Set down, word for word, each line from the top of the data through the line that has "17050 SW 74th Avenue"; omit every picture.

SUPPLIED DATA.
------------------------------------

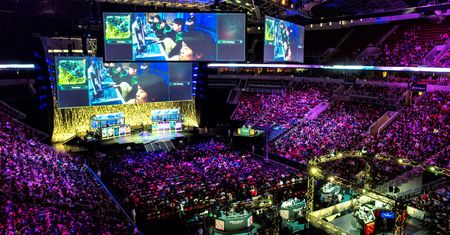 E-sport zamiast kija baseballowego. Rodzi się wielki biznes, a Polska tym razem nie jest w ogonie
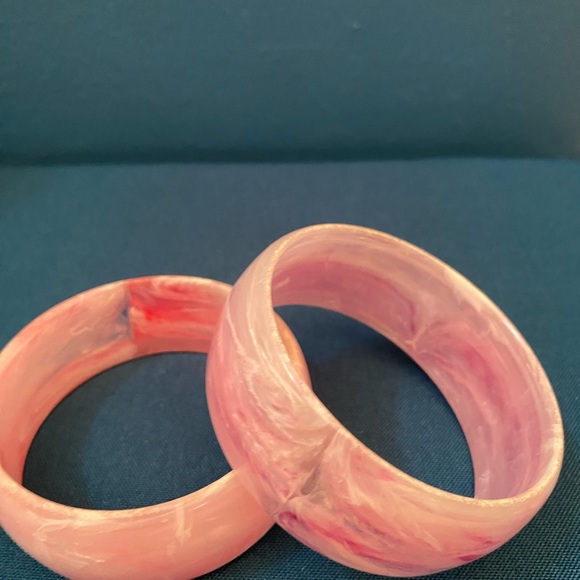 Jewelry - Vintage Pink Faux Marble Bangle Set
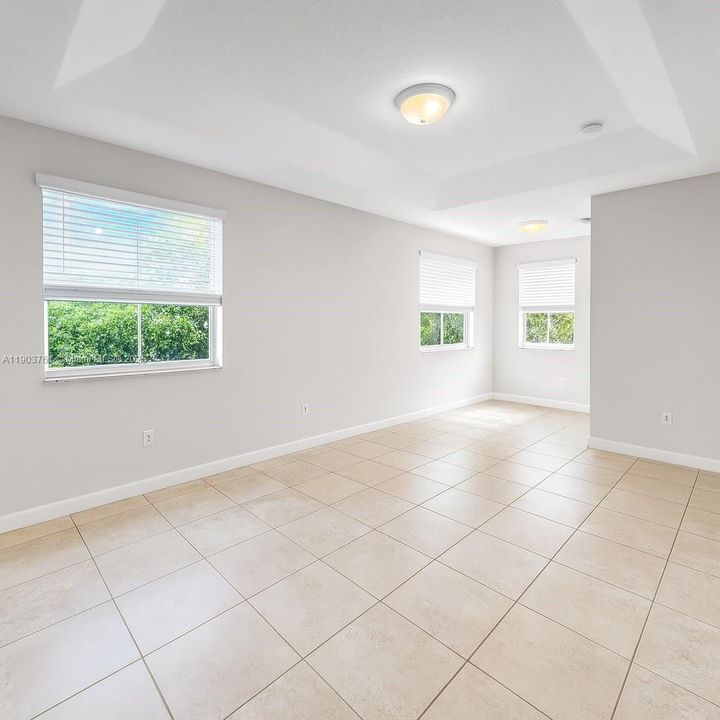 Active With Contract: $2,750 (4 beds, 3 baths, 1965 Square Feet)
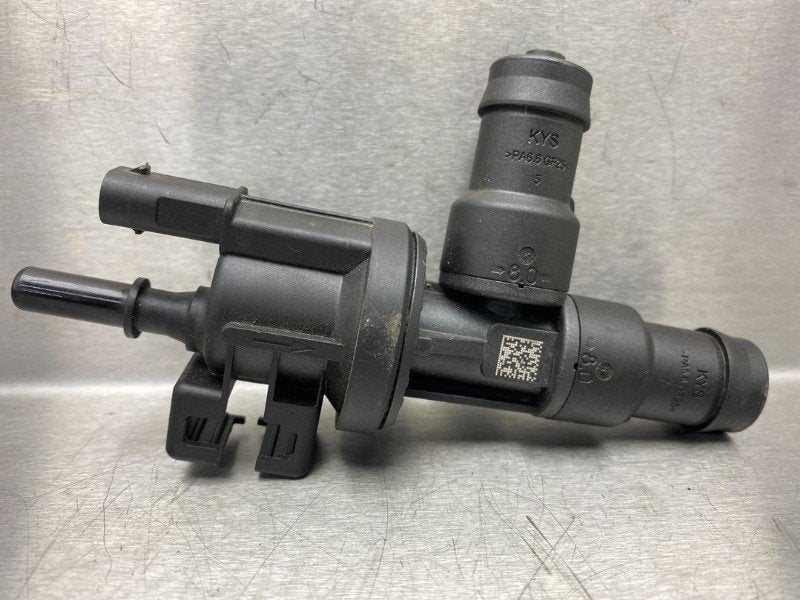 VACUUM VALVE Toyota Supra (DB) (01-2019/-), Utilisé, Toyota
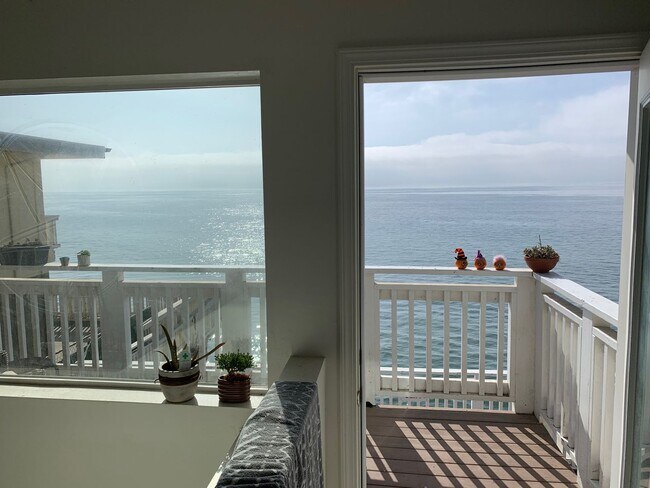 Building Photo - 6647 Del Playa Dr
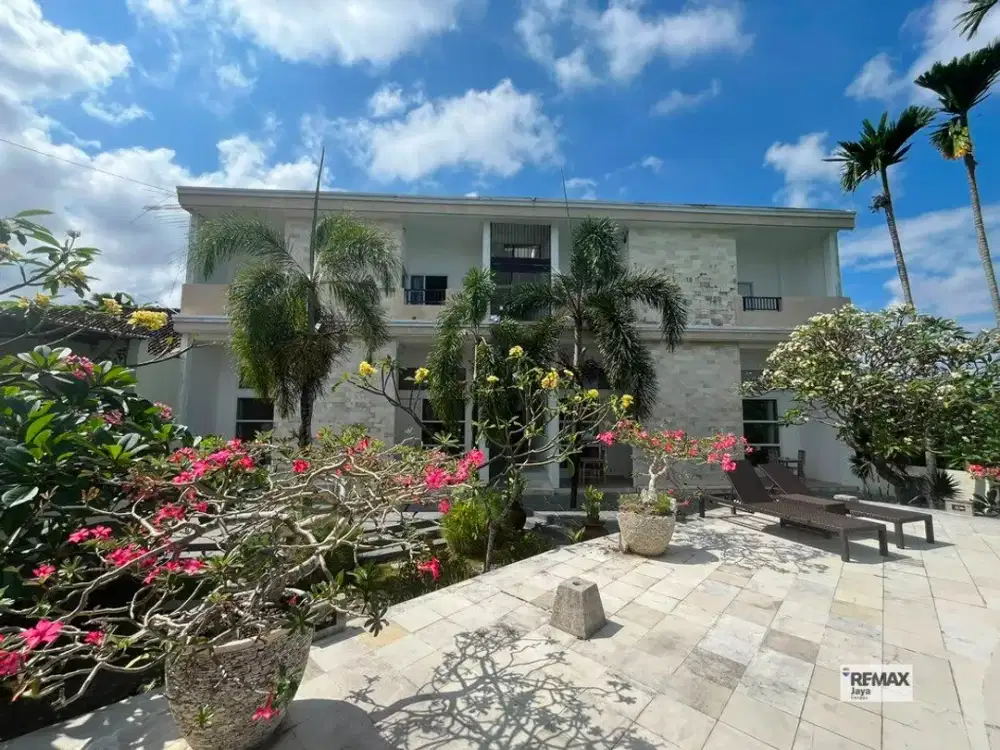 Luxury Hotel For Sale In Prime Seminyak Area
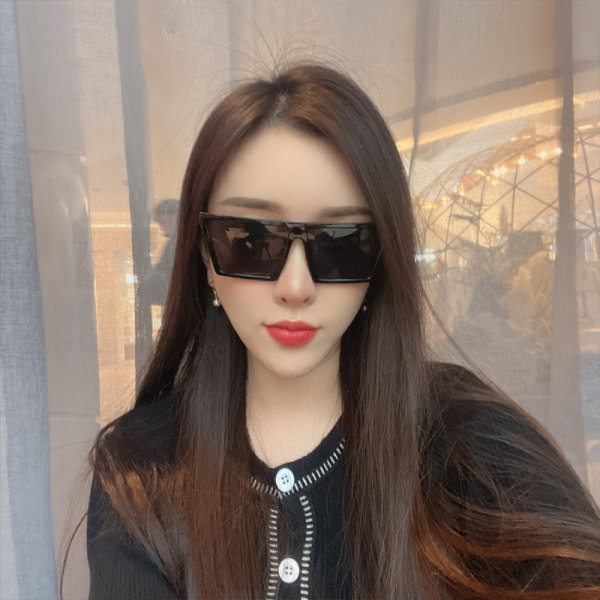 Ochelari moderni - în diferite culori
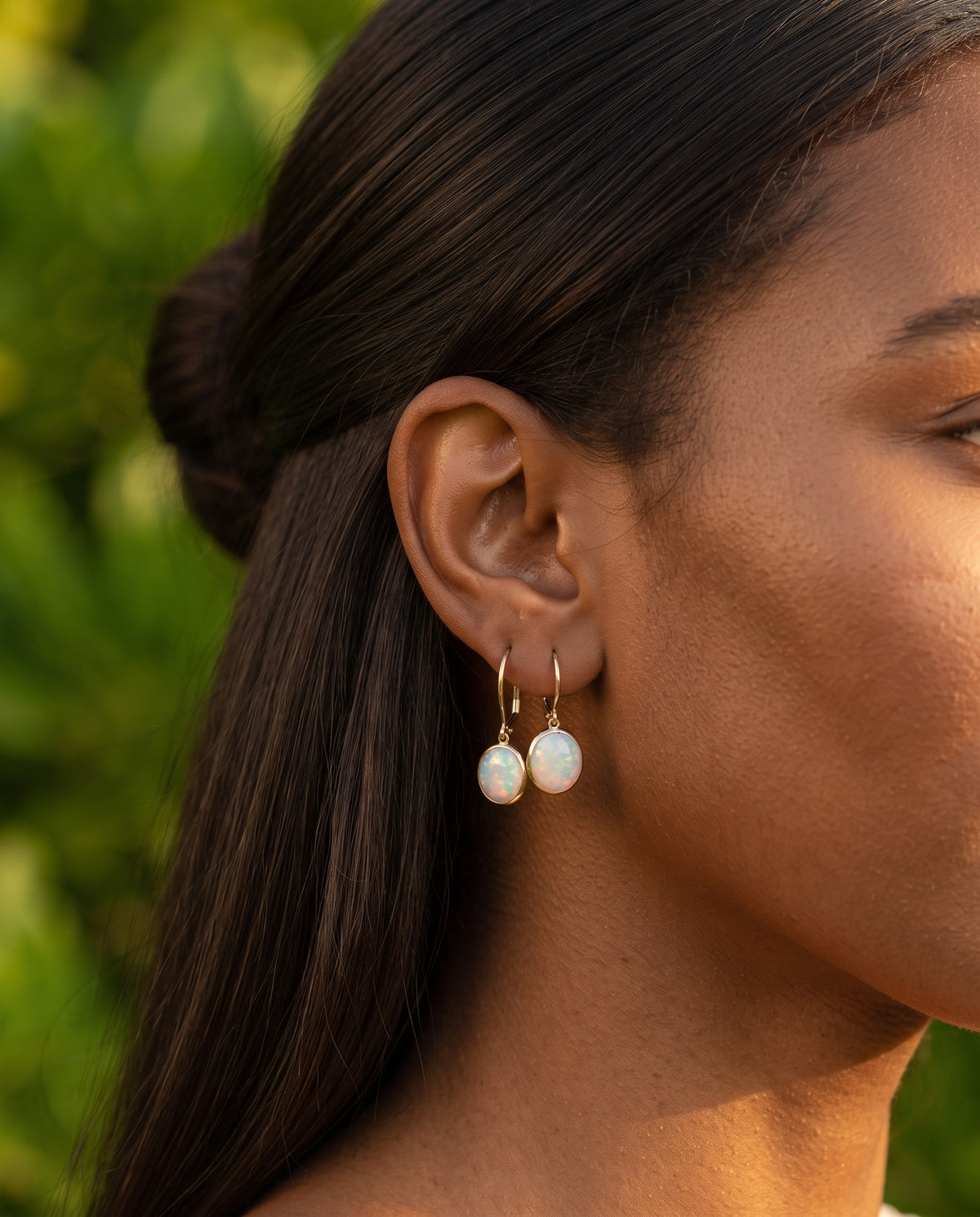 Boucles d’Oreilles Raffinées Vintage Serties d’Opales Blanches avec Finition Or – photo lifestyle 2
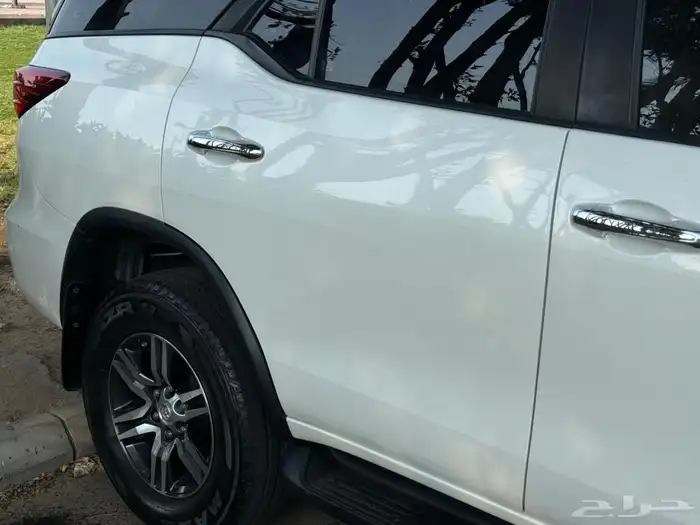 تويوتا فورشنر دبل 4 سلندر موديل 2021 8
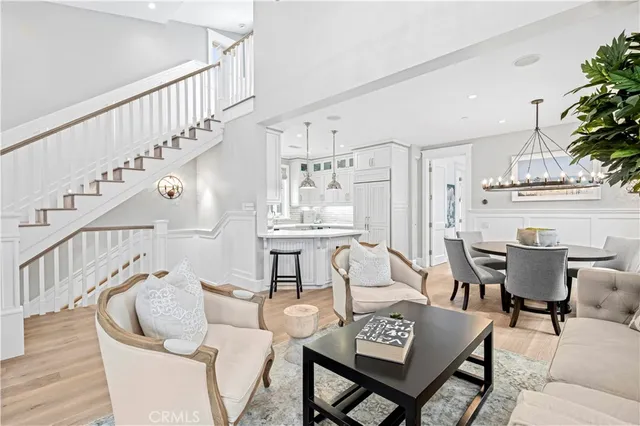 $3,295,000 | 718 1/2 Poinsettia Avenue, Corona del Mar, CA 92625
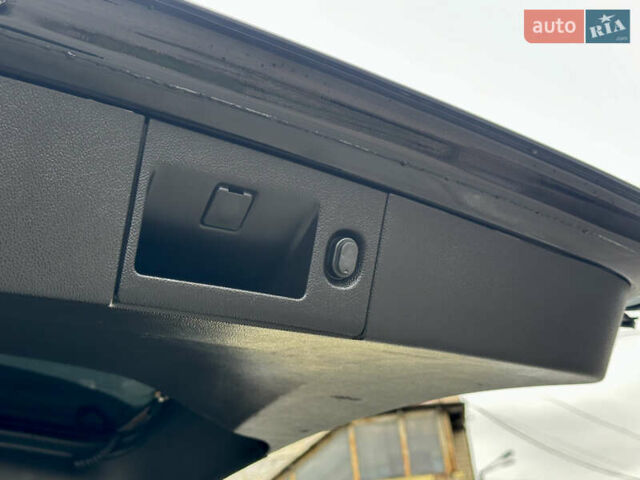 Кадиллак Эскалейд 2016 в Киеве на Automoto.ua Черный Кадиллак Эскалейд, объемом двигателя 6.16 л и пробегом 270 тыс. км за 42100 $, фото 23 на Automoto.ua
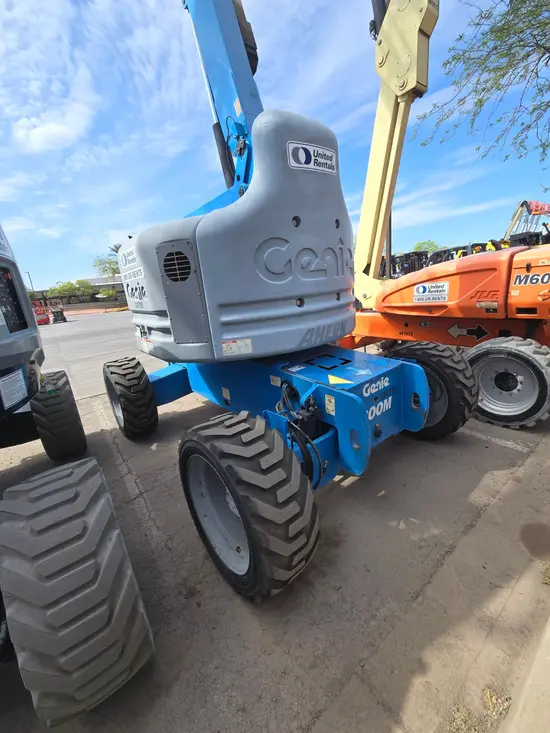 2013 Genie Z-60/34 Articulating Boom Lift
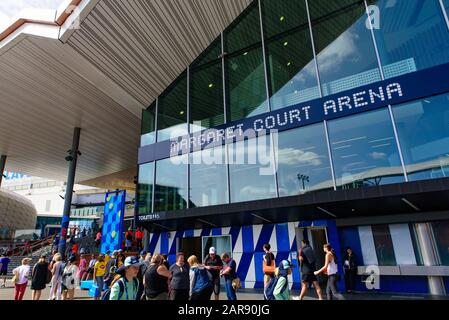 Margaret Court Arena per l'Australian Open 2020, un campo da tennis al Melbourne Park, Melbourne, Australia Foto Stock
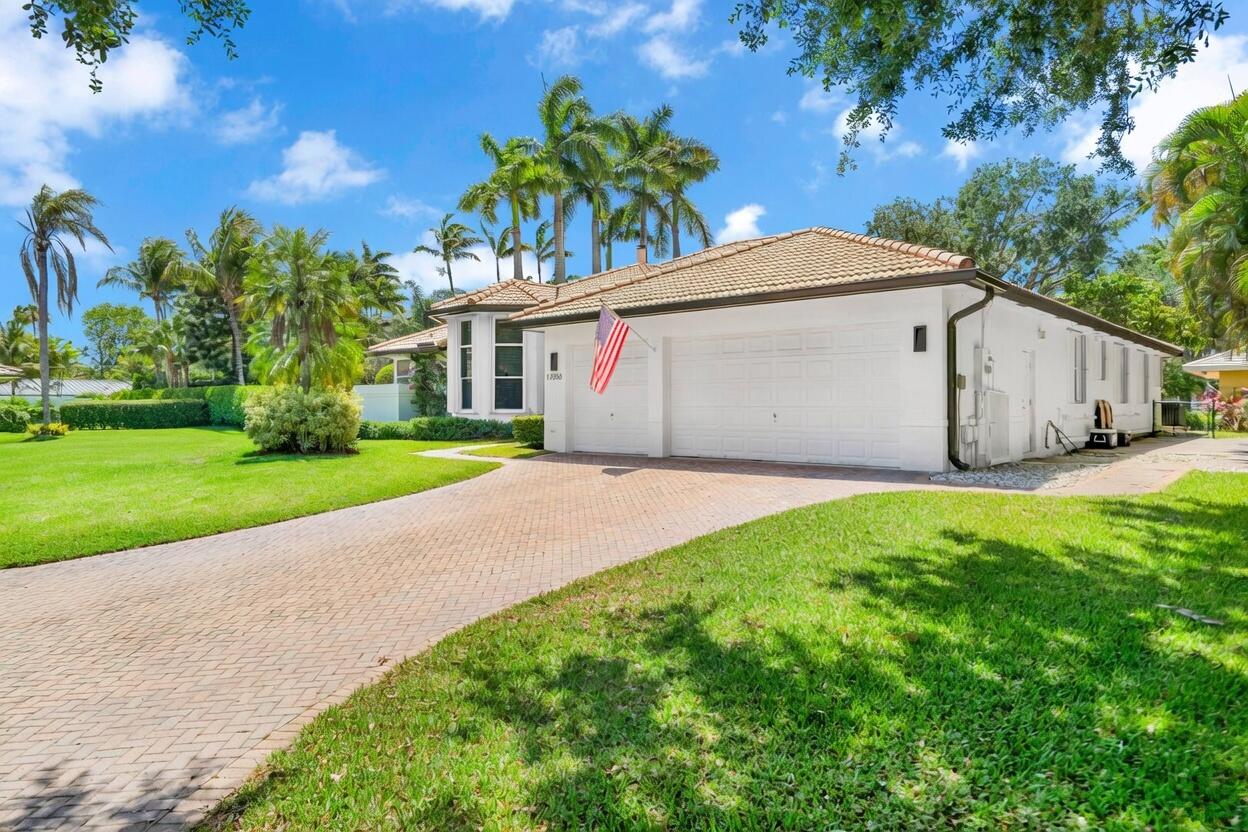 17050 SW 74th Avenue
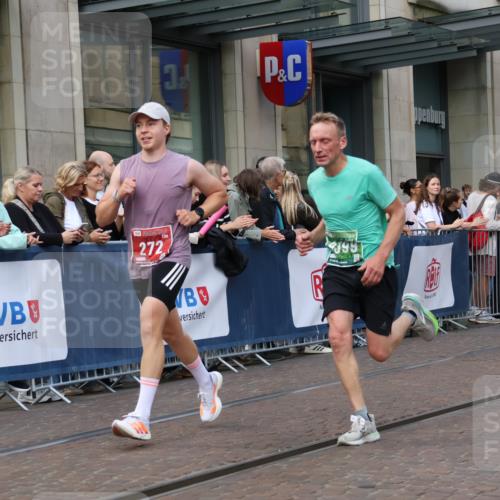 13.09.2026 - 21. swb-Marathon Bremen Strokosch-Dieckow http://msf.ph/oto/10386703 13.09.2026 12:53:58 Ziel 1256, 1629, 6112, 9399, 9617, 272, 1606, 5160, 13212 meine-sportfotos.de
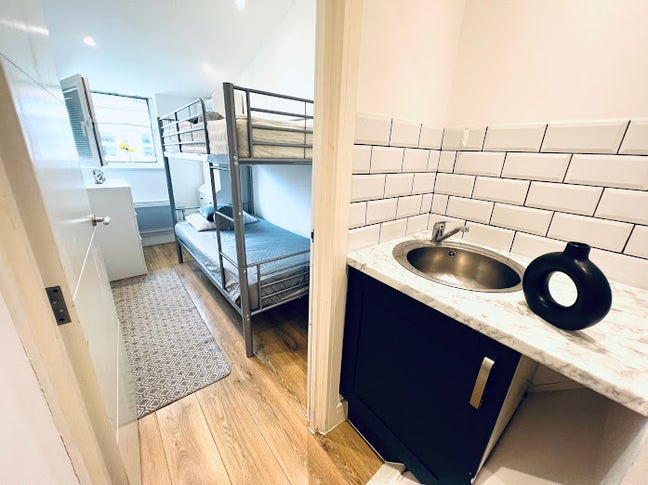 🏡 Lovely Self-Contained in Brixton - to Let Main Photo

------------------------------------

ANSWER SPACE.
 E-sport zamiast kija baseballowego. Rodzi się wielki biznes, a Polska tym razem nie jest w ogonie
 Jewelry - Vintage Pink Faux Marble Bangle Set
 Active With Contract: $2,750 (4 beds, 3 baths, 1965 Square Feet)
 VACUUM VALVE Toyota Supra (DB) (01-2019/-), Utilisé, Toyota
 Building Photo - 6647 Del Playa Dr
 Luxury Hotel For Sale In Prime Seminyak Area
 Ochelari moderni - în diferite culori
 Boucles d’Oreilles Raffinées Vintage Serties d’Opales Blanches avec Finition Or – photo lifestyle 2
 تويوتا فورشنر دبل 4 سلندر موديل 2021 8
 $3,295,000 | 718 1/2 Poinsettia Avenue, Corona del Mar, CA 92625
 Кадиллак Эскалейд 2016 в Киеве на Automoto.ua Черный Кадиллак Эскалейд, объемом двигателя 6.16 л и пробегом 270 тыс. км за 42100 $, фото 23 на Automoto.ua
 2013 Genie Z-60/34 Articulating Boom Lift
 Margaret Court Arena per l'Australian Open 2020, un campo da tennis al Melbourne Park, Melbourne, Australia Foto Stock
 17050 SW 74th Avenue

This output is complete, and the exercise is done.